Brockmann Kathrin, Srulijes Karin, Pflederer Sylvia, Hauser Ann-Kathrin, Schulte Claudia, Maetzler Walter, Gasser Thomas, Berg Daniela
Department of Neurodegenerative Diseases and Hertie Institute for Clinical Brain Research, University of Tübingen, Tübingen, Germany; German Center for Neurodegenerative Diseases (DZNE), Tübingen, Germany; Graduate School of Cellular & Molecular Neuroscience, Tübingen, Germany.
Mov Disord. 2015 Mar;30(3):407-11. doi: 10.1002/mds.26071. Epub 2014 Dec 1.
Parkinson's disease (PD) patients with GBA mutations show an earlier age at onset and more severe non-motor symptoms compared with PD patients without GBA mutations.
This study was undertaken to evaluate progression of motor and non-motor symptoms in sporadic PD patients depending on the mutational GBA status.
We used regression analysis to evaluate independent effects of the mutational GBA status, age at onset, age at examination, and disease duration on motor (Unified Parkinson's Disease Rating Scale [UPDRS]-III, Hoehn and Yahr [H&Y] stage, Levodopa [L-dopa]-equivalent-dosage) and non-motor characteristics (cognition and mood). Disease progression was assessed prospectively over 3 years.
The GBA-associated PD patients compared with non-mutation PD patients, although younger and with an earlier age at onset, show (1) a more rapid disease progression of motor impairment and cognitive decline and (2) reduced survival rates.
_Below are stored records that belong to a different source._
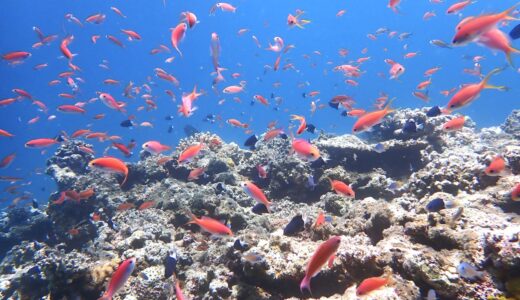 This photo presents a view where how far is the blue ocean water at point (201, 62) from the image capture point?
7806 centimetres

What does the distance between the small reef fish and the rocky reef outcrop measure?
13 cm

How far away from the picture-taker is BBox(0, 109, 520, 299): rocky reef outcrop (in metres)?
4.56

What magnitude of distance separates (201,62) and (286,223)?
11459 cm

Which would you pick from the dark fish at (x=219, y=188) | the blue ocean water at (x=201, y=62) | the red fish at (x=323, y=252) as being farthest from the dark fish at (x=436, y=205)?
the blue ocean water at (x=201, y=62)

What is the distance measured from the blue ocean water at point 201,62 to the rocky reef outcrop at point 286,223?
50.8 metres

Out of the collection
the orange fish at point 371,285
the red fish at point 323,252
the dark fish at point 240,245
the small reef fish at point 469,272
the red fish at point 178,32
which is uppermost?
the red fish at point 178,32

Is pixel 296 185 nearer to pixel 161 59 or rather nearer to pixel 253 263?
pixel 253 263

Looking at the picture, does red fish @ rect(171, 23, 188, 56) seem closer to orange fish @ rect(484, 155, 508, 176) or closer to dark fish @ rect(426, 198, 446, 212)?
dark fish @ rect(426, 198, 446, 212)

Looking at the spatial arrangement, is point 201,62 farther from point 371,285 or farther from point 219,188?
point 371,285

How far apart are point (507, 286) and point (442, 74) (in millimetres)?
131631

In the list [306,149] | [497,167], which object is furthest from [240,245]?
[497,167]

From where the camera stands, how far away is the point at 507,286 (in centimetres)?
393

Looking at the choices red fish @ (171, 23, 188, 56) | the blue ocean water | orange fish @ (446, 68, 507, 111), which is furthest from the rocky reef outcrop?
the blue ocean water

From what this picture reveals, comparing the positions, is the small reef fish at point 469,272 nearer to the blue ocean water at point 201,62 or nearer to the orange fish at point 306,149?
the orange fish at point 306,149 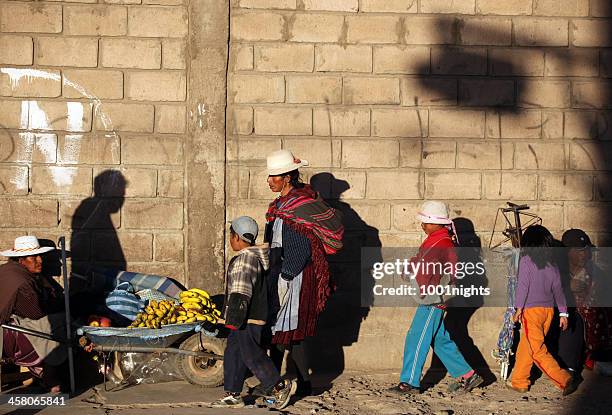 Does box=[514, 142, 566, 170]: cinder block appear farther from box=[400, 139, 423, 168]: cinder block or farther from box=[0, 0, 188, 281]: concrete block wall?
box=[0, 0, 188, 281]: concrete block wall

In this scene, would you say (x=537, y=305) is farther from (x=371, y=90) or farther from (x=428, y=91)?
(x=371, y=90)

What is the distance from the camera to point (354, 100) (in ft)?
28.0

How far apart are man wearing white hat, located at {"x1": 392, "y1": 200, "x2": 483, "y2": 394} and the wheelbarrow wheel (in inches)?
56.0

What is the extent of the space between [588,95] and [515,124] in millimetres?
705

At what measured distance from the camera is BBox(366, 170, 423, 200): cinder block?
8562mm

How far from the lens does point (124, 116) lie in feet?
27.3

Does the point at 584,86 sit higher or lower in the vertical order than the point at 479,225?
higher

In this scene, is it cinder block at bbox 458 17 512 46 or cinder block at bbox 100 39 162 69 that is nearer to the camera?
cinder block at bbox 100 39 162 69

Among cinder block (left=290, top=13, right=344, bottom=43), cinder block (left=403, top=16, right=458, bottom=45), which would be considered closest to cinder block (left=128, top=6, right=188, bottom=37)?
cinder block (left=290, top=13, right=344, bottom=43)

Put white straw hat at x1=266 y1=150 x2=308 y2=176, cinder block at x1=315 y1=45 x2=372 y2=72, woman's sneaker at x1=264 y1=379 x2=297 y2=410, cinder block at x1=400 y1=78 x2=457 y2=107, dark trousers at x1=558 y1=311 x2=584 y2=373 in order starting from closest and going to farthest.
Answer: woman's sneaker at x1=264 y1=379 x2=297 y2=410
white straw hat at x1=266 y1=150 x2=308 y2=176
dark trousers at x1=558 y1=311 x2=584 y2=373
cinder block at x1=315 y1=45 x2=372 y2=72
cinder block at x1=400 y1=78 x2=457 y2=107

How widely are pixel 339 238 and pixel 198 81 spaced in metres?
1.86

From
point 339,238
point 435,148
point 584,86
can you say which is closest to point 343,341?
point 339,238

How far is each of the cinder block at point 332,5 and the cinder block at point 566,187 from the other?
87.4 inches

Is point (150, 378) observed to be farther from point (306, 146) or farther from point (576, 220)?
point (576, 220) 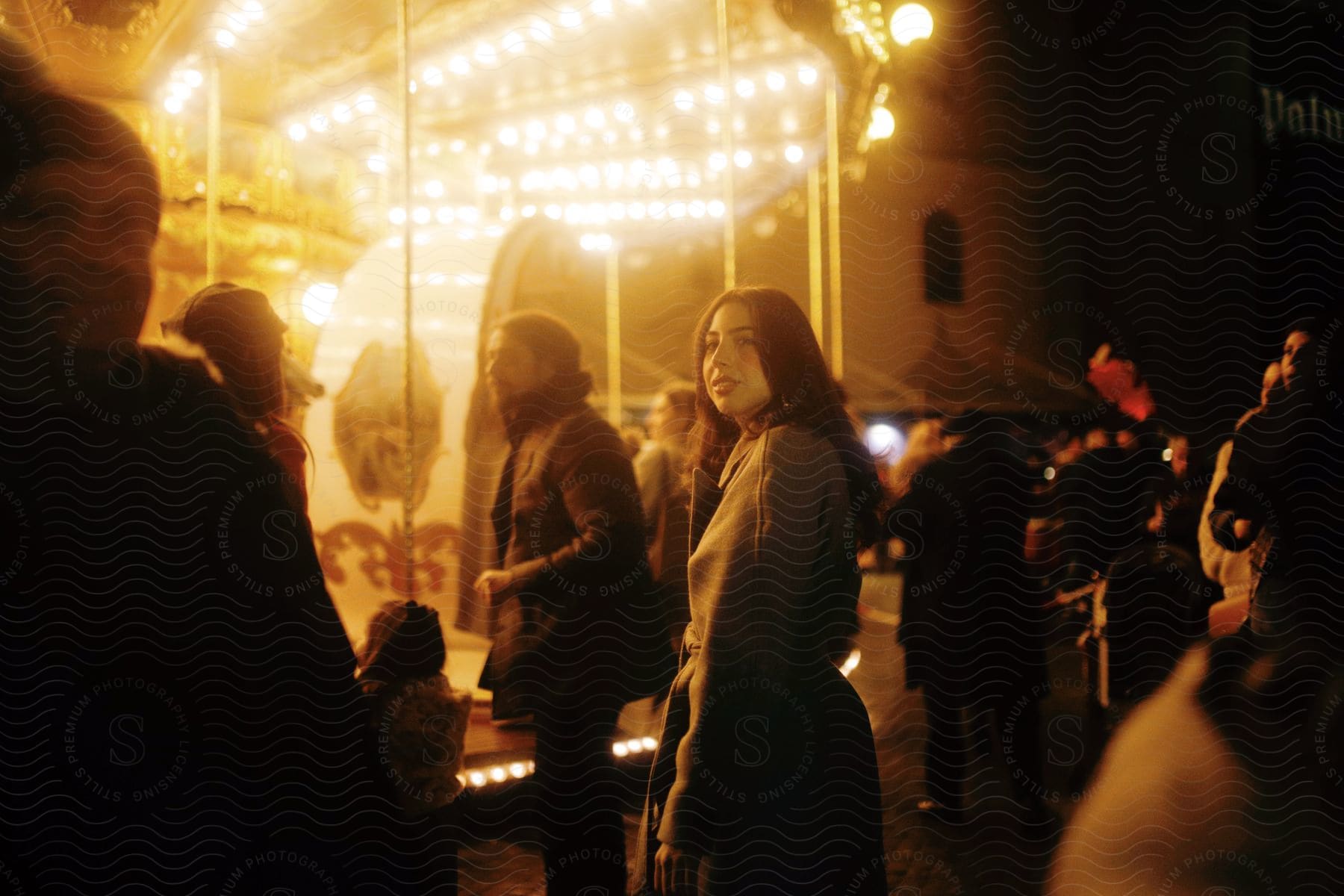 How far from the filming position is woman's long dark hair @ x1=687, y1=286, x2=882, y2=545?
1.73 metres

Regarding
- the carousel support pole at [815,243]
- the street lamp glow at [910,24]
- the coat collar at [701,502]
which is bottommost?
the coat collar at [701,502]

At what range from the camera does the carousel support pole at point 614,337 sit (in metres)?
1.77

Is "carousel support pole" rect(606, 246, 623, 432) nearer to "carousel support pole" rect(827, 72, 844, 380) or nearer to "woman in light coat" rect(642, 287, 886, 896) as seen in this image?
"woman in light coat" rect(642, 287, 886, 896)

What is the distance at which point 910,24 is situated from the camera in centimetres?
187

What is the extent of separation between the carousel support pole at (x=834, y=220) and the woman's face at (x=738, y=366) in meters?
0.19

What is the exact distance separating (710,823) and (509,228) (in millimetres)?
1325

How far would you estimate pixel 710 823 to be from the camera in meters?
1.69

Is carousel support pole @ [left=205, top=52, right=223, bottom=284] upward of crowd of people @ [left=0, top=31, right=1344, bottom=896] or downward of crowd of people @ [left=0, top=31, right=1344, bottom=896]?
upward

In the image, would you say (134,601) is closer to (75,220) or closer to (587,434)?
(75,220)

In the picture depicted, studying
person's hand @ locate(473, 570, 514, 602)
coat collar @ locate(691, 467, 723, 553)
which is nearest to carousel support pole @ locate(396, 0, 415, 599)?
person's hand @ locate(473, 570, 514, 602)

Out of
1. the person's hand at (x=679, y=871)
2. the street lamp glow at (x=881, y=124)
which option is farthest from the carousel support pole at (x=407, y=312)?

The mutational GBA status, rather than older age and age at onset, presents an important predictor for disease progression in this specific subgroup of PD patients.
与无GBA突变的帕金森病(PD)患者相比,携带GBA突变的PD患者发病年龄更早,非运动症状更严重。
本研究旨在评估散发性PD患者根据GBA突变状态的运动和非运动症状进展情况。
我们使用回归分析来评估GBA突变状态、发病年龄、检查时年龄和病程对运动(统一帕金森病评定量表[UPDRS]-III、 Hoehn和Yahr[H&Y]分期、左旋多巴[L-多巴]等效剂量)和非运动特征(认知和情绪)的独立影响。前瞻性评估疾病进展3年。
与非突变PD患者相比,携带GBA突变的PD患者虽然更年轻且发病年龄更早,但显示出(1)运动障碍和认知衰退的疾病进展更快,以及(2)生存率降低。
在这个特定的PD患者亚组中,GBA突变状态而非年龄和发病年龄是疾病进展的重要预测因素。